27 November 2011

GERBONG

Tuuutt tttuuut tuuuut...
Siapa hendak turuuut...
Ke Bandung, Surabaya...
Bolehlah naik dengan percuma....

Ah, lagu itu terdengar bergema di sekujur tubuhku. Tapi, sejenak aku berpikir, kenapa harus Bandung dan Surabaya? Kenapa bukan Jakarta yang telah menjadi ibu kota negara? Atau Yogyakarta yang pernah menjadi ibu kota negara?

Dan satu hal yang membuatku galau selama ini. Kenapa harus naik dengan cuma-cuma?

***

“Cangcimen! Cangcimen rambute.... Kacang, kwaci, permen! Rambutan, jambu, mete!”

“Sesok barange kudu wis tekan Jakarta. Aku lagi otw Solo, rep njupuk barange! Aku ra percoyo nek lewat pos, mending jupuk dewe!" [1]

“Karcis! Karcis!”

“Anjing! Punya mata nggak sih!”

“Mijon, mijon! Aqua dingin! Pop mie panas!”
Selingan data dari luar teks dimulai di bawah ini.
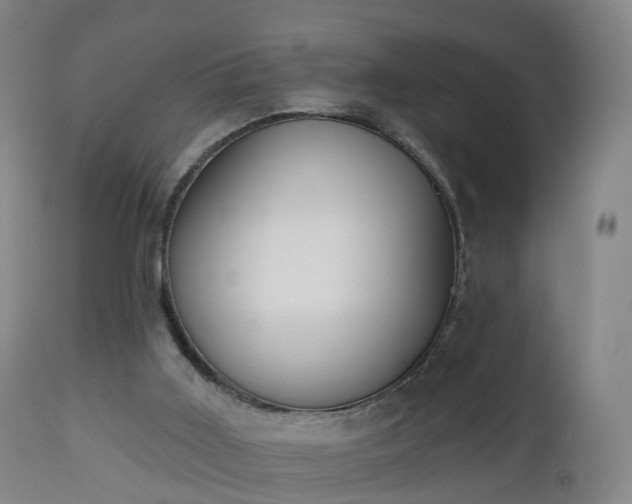 X0000112500011200908241400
“Gimana proposal proyek kita, sudah disetujui pimpinan?”

“Nasi, nasi! Nasi ayam.... Nasi, Mas?”

***

Suasana sangat riuh. Berulang, kalimat itu menjadi objek harian yang datang dan pergi meninggalkan kerutan rasa. Aku hanya diam menahan letih. Berjibun manusia memperkosaku. Menyiksaku dengan segala kebisingan dan ambisi diri. Apa peduli kalian terhadapku?

Pejabat, masinis, penumpang gelap, calo, eksmud [2], penjual, dan manusia-manusia lain yang datang dan pergi selalu meninggalkan bekas mendalam di relung tubuhku. Ingin aku berteriak meminta tolong, tapi kepada siapa? Kepada siapa aku harus membebankan segala kerisauanku, kegundahanku? Semua yang aku rasakan? Kaki-kakiku, tak kuat lagi untuk menapak!

***

“Pak, saya pesan 20,” kata seorang lelaki yang menjepit rokok di antara jari tengah dan telunjuknya, kepada Bapak Peminta Karcis. Penampilannya selalu begitu. Memakai topi, dengan tas kecil diselipkan di pinggangnya.

“Inget, terget!” tutur Bapak Peminta Karcis kepada lelaki yang mungkin sudah dikenalnya. Aku juga sering melihatnya. Ia selalu memberikan karcis di dalam kereta dan di luar kereta kepada penumpang dan calon penumpang yang tidak punya karcis. Lelaki yang menjepit rokok itu, selalu menaiki kereta pergi-pulang. Dan, aku tahu, lelaki itu bukan penjual karcis seperti penjual karcis yang ada di loket luar.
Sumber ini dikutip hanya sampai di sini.